The change means that instead of buying a server licence and an
additional client application licence (CAL) for each user,
customers will now pay according to the number of processors that
the server hardware runs on.
But per-processor licensing is an experiment, Microsoft says -
albeit one that IBM and Oracle are also trying. So far, it is
simply an option on a subset of the company's new products.
If the scheme proves workable, however, it will be extended in
the next few months to cover far more offerings, although Microsoft
admits that it does not know whether it will work.
Bloor's Vile explained: "It's crude, but it's the only sensible
way to do it. It cuts through all the variables. You can budget for
it. Financial directors love it because it is predictable."
It is a lot easier for IT managers to count the number of
processors in their IT department than try to estimate the number
of potential users of an internet-based application, he added.

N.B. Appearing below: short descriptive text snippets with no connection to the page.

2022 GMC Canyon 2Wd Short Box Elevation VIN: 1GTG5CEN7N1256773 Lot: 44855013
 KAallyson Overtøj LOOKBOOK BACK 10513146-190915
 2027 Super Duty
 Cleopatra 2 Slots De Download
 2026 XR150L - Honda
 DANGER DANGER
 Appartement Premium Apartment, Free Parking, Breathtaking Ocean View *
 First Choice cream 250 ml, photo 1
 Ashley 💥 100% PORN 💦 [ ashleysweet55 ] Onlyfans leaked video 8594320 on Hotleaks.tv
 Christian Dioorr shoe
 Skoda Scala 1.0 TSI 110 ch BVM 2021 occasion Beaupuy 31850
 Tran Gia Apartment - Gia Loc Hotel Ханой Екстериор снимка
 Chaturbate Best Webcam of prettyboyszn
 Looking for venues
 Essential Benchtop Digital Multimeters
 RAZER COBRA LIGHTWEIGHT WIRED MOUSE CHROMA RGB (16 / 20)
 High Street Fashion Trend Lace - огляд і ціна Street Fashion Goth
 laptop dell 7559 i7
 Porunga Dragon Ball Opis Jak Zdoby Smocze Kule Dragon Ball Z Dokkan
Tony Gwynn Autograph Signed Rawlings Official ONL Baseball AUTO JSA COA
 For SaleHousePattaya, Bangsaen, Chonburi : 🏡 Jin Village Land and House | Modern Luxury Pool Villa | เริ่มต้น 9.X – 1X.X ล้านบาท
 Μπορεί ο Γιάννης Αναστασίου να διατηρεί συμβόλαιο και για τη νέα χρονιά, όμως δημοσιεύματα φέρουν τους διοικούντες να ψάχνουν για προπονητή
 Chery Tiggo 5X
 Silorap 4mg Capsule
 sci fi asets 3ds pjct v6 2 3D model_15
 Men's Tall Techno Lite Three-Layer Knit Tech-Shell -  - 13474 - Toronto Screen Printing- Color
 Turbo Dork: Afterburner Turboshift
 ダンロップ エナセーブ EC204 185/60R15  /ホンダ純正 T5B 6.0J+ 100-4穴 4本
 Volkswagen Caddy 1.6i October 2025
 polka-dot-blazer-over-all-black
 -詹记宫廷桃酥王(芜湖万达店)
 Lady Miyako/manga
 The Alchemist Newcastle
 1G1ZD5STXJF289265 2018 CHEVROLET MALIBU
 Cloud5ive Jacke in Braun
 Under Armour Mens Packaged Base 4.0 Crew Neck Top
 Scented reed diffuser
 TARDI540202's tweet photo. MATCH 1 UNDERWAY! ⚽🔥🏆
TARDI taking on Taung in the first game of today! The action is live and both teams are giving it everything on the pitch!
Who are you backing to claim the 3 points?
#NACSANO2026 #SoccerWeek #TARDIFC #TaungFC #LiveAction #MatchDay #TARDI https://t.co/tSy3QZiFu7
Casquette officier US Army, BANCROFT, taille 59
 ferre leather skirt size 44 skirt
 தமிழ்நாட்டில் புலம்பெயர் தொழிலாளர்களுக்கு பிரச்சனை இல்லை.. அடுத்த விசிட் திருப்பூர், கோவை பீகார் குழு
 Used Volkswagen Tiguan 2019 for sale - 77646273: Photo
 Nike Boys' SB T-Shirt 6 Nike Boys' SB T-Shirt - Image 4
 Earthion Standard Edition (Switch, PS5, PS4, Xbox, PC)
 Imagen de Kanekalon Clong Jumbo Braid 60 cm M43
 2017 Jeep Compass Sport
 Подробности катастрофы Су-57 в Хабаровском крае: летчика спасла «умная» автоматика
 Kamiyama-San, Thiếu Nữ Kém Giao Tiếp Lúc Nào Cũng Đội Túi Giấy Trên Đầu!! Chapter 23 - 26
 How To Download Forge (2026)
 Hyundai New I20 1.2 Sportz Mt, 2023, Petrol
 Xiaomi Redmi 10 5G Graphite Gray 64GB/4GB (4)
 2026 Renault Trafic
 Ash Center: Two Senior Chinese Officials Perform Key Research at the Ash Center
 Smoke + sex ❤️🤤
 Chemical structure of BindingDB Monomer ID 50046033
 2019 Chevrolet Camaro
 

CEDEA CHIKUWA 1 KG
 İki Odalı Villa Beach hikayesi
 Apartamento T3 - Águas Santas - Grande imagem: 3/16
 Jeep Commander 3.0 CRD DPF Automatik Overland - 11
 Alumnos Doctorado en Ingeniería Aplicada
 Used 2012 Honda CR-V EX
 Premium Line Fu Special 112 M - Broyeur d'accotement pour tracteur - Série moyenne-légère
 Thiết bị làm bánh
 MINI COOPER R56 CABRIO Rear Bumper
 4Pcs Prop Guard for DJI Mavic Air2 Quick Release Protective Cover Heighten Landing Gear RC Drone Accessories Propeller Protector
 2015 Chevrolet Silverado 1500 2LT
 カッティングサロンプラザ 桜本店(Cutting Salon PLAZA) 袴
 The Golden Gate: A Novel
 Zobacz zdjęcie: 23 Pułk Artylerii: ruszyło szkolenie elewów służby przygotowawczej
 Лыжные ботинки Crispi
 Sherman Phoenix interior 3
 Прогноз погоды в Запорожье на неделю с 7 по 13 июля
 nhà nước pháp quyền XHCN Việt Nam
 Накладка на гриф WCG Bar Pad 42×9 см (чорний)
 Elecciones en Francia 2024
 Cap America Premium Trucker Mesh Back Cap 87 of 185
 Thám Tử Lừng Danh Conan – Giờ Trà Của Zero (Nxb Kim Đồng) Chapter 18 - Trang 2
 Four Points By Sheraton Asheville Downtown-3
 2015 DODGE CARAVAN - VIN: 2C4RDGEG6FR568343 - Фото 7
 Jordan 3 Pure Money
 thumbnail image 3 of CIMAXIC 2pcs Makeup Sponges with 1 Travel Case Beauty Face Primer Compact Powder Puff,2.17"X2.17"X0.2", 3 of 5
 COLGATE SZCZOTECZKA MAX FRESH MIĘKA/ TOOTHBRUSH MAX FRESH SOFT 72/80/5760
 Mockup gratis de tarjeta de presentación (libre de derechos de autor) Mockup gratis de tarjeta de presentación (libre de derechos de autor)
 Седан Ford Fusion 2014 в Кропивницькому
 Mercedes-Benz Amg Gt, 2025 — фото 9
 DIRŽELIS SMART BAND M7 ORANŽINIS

"What we're seeing from the internet is that companies are not
only giving access to their systems to their trading partners, but
also to ordinary people out there in consumerland. The numbers of
users of any application is much less predictable," said Vile.
While Microsoft's Udon accepts that counting processors only
gives a very rough idea of how 'useful' a piece of software is, it
is the only workable idea that the supplier has found to date.
"The CAL in the internet world is clearly nonsense," he says.
"Some people have been able to run very large internet sites for
license costs of a few thousand dollars, so we're not sure yet how
we capture that value. But it certainly isn't by using our
traditional licensing models," he says.
Made to measure?
Ideally, Microsoft would love to charge 'per transaction' - the
more customers use its software, the more they pay. But even if
customers could get used to the idea of a software licence fee that
could not be predicted in advance, usage would still be too
difficult to measure until customers were in a position to rent
software from application service providers.
Also, when selling software licences is a company's only source
of revenue, the risks of getting its sums wrong are
"Anyone running a licensing programme is making a trade-off
between what they want to do, and what it's possible to do," Udon
admits. "It's not a great area for shooting from the hip. The
harder you make licensing to administer, the more blood customers
have running out of their ears."
And Citrix's licensing experiment has left shareholders with
blood running out of their ears, following a profit warning that
sliced expected profits for its second quarter, which has just
ended, in half. The move even prompted the resignation of the
firm's chief executive.
Last October, Citrix announced that customers wanting to
purchase its software could buy licences in bulk from resellers
over the internet instead of purchasing boxed products.
Today, it says that three out of 10 licences are being sold this
way, leaving distributors with large inventories. But the company
admits it had no idea this was going to happen. "We wanted to make
it easier for them to buy the product. But it was a surprise to us
the scale at which our internet licensing increased," Stradling
Undaunted, the supplier is now about to launch several new bulk
licensing schemes. Some customers will pay a one-time cost, while
others will pay according to how often they use the software.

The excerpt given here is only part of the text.